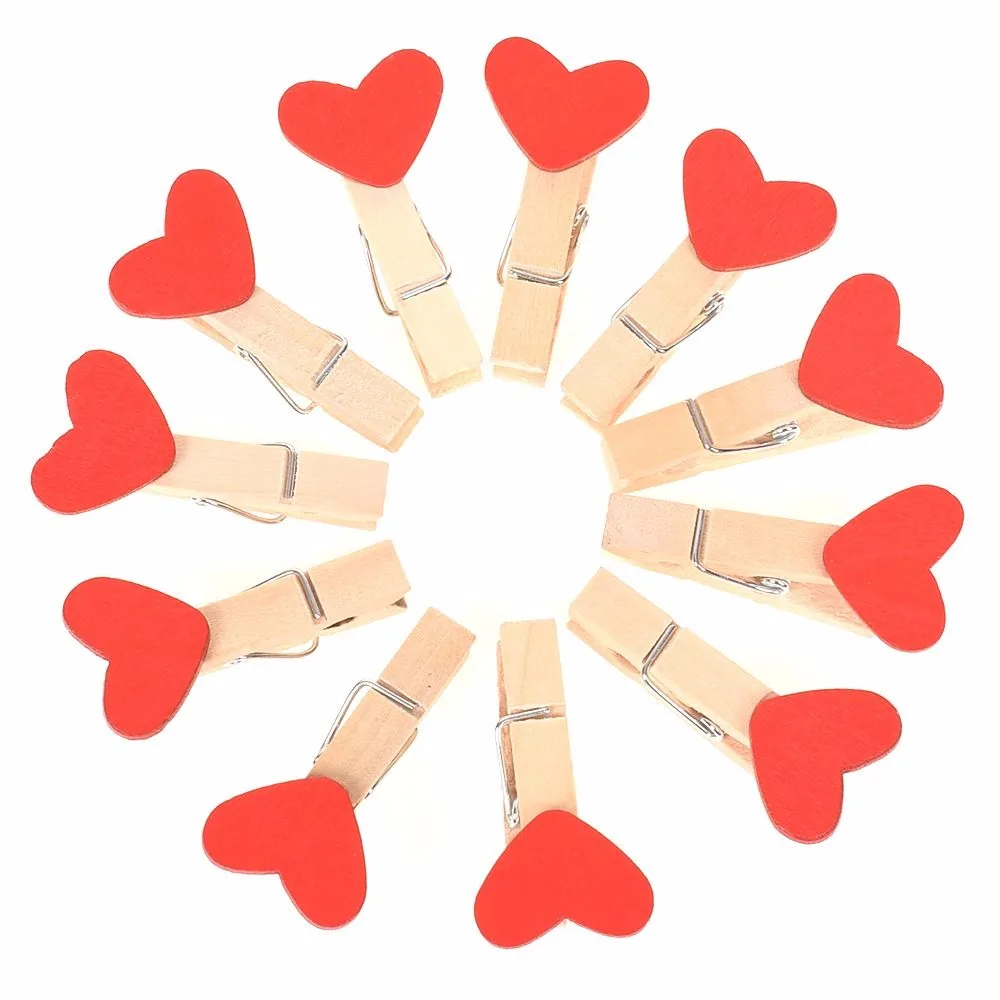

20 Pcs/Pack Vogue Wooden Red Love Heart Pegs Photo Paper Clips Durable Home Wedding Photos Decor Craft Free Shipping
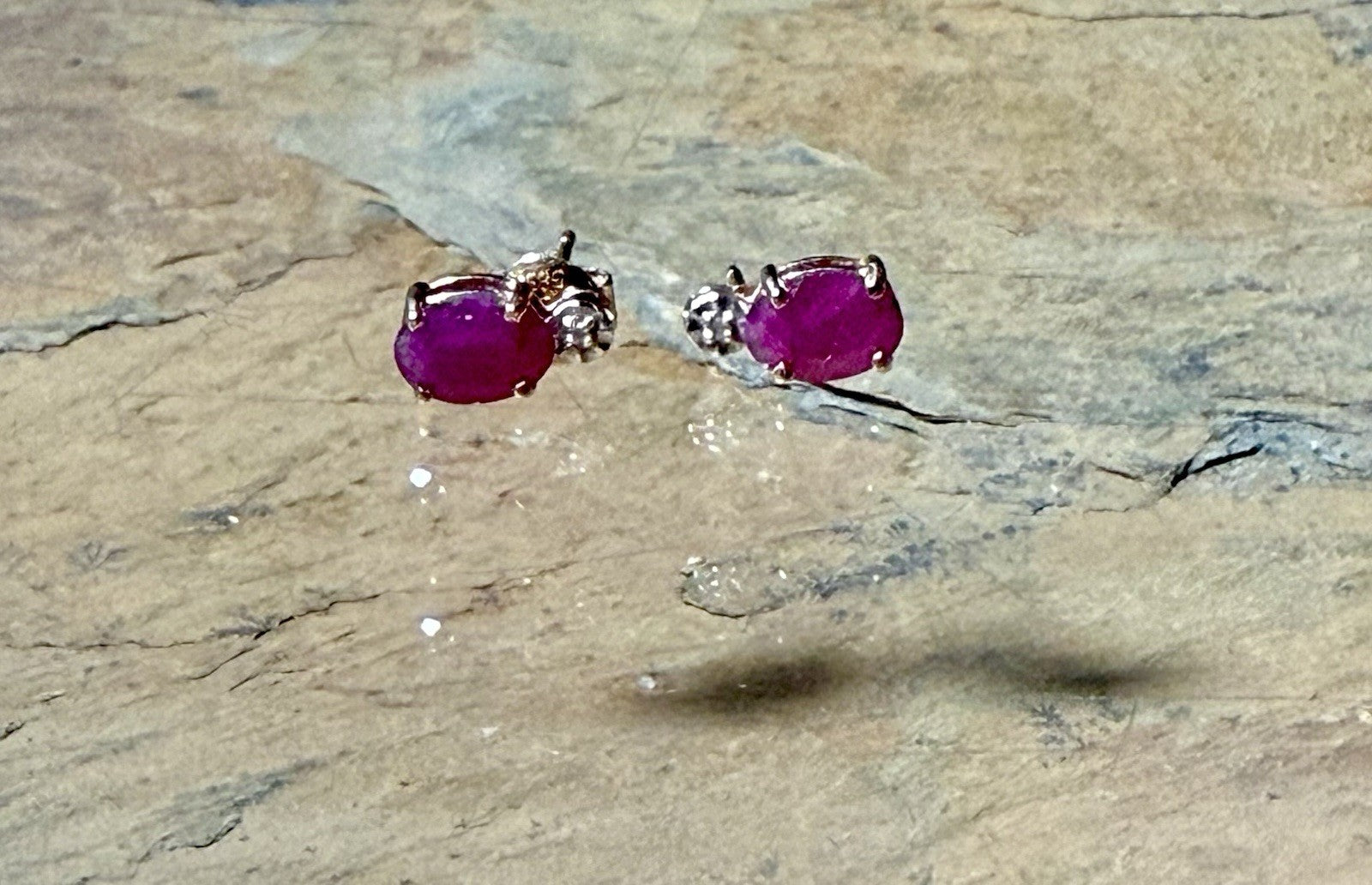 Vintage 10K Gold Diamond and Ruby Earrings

...

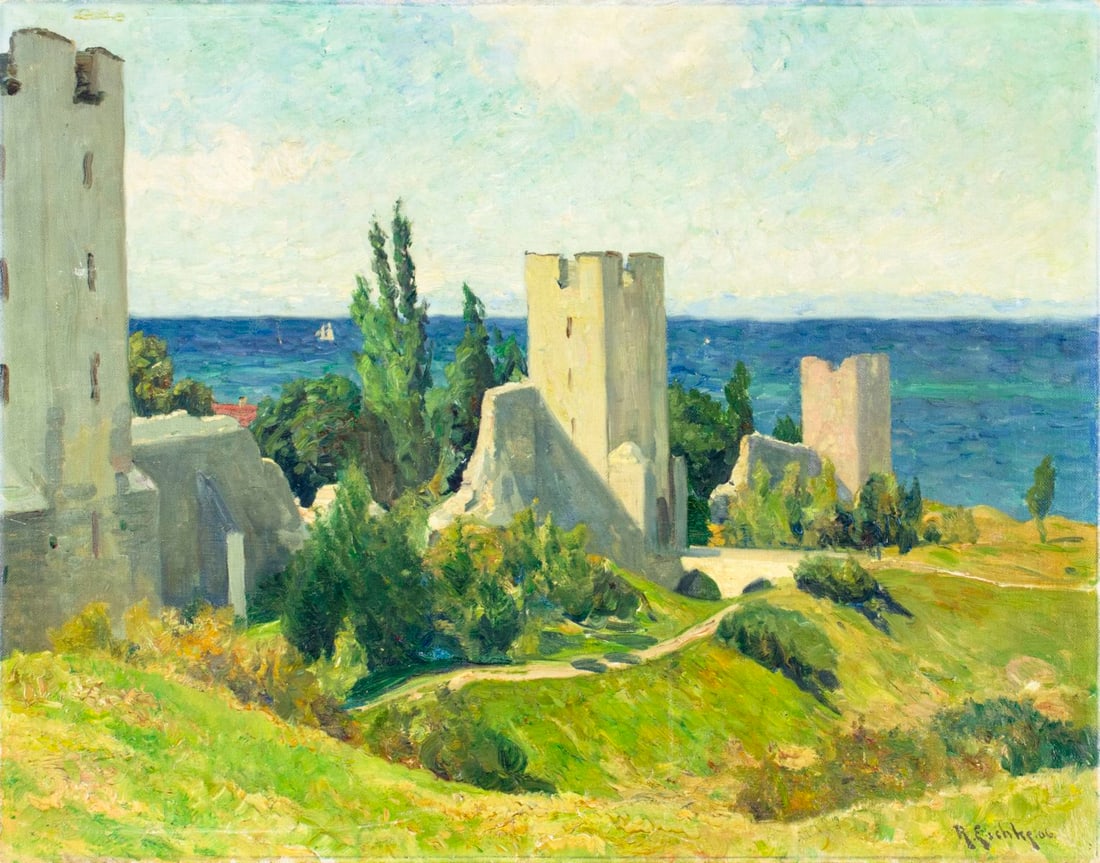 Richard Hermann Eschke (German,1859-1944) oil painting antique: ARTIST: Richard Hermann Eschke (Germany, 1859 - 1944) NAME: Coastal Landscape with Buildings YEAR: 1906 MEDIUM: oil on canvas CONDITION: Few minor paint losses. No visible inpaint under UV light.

==

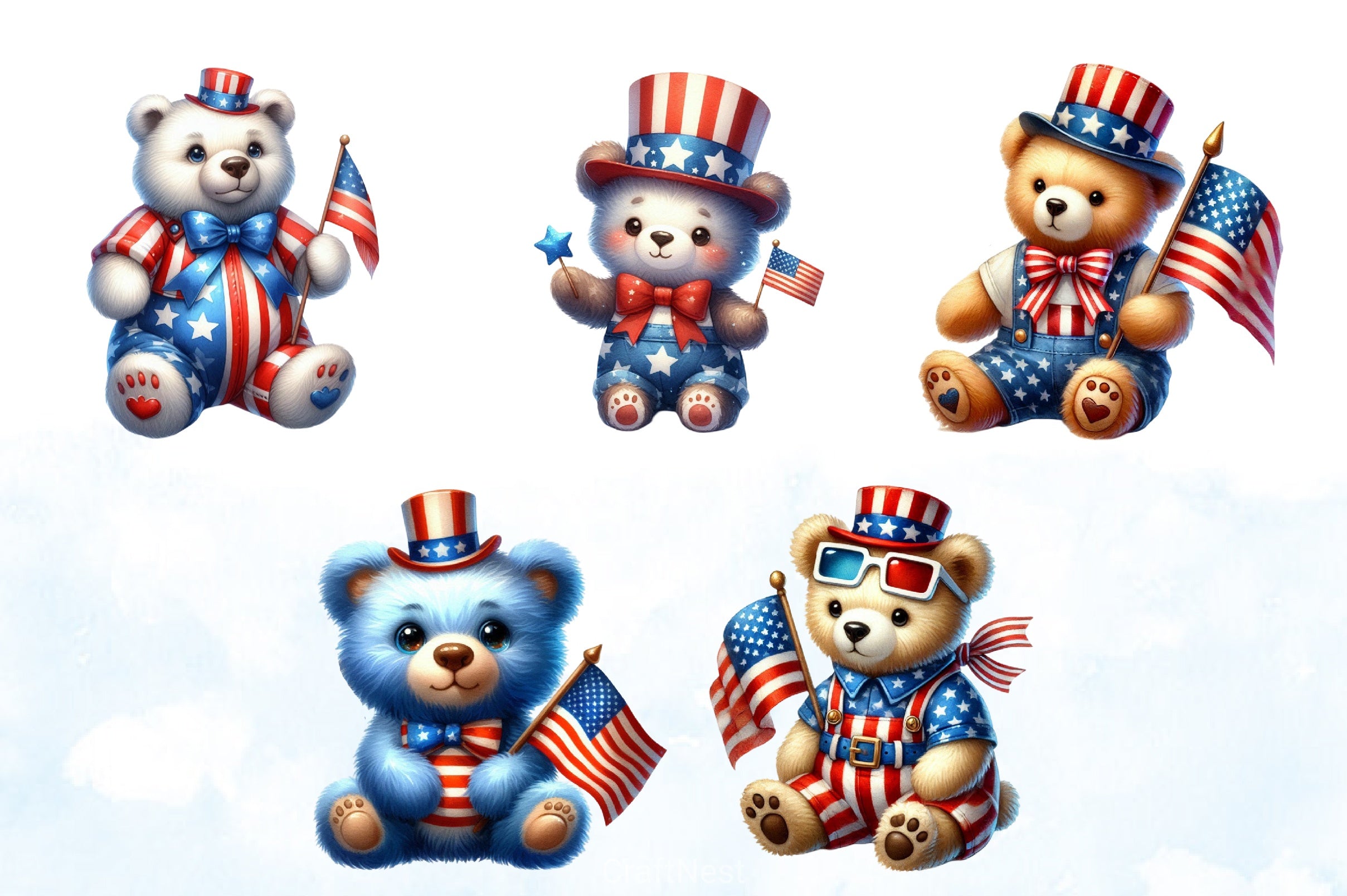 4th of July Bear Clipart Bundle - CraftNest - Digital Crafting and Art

#### WORK TO BE COMPLETED
Set down again, exactly, every line above from the one with "20 Pcs/Pack Vogue" down to the one with "Vintage 10K Gold Diamond and Ruby Earrings", both ends included. No pictures, and nothing else.

#### RESULT FOR THIS EXERCISE
20 Pcs/Pack Vogue Wooden Red Love Heart Pegs Photo Paper Clips Durable Home Wedding Photos Decor Craft Free Shipping
 Vintage 10K Gold Diamond and Ruby Earrings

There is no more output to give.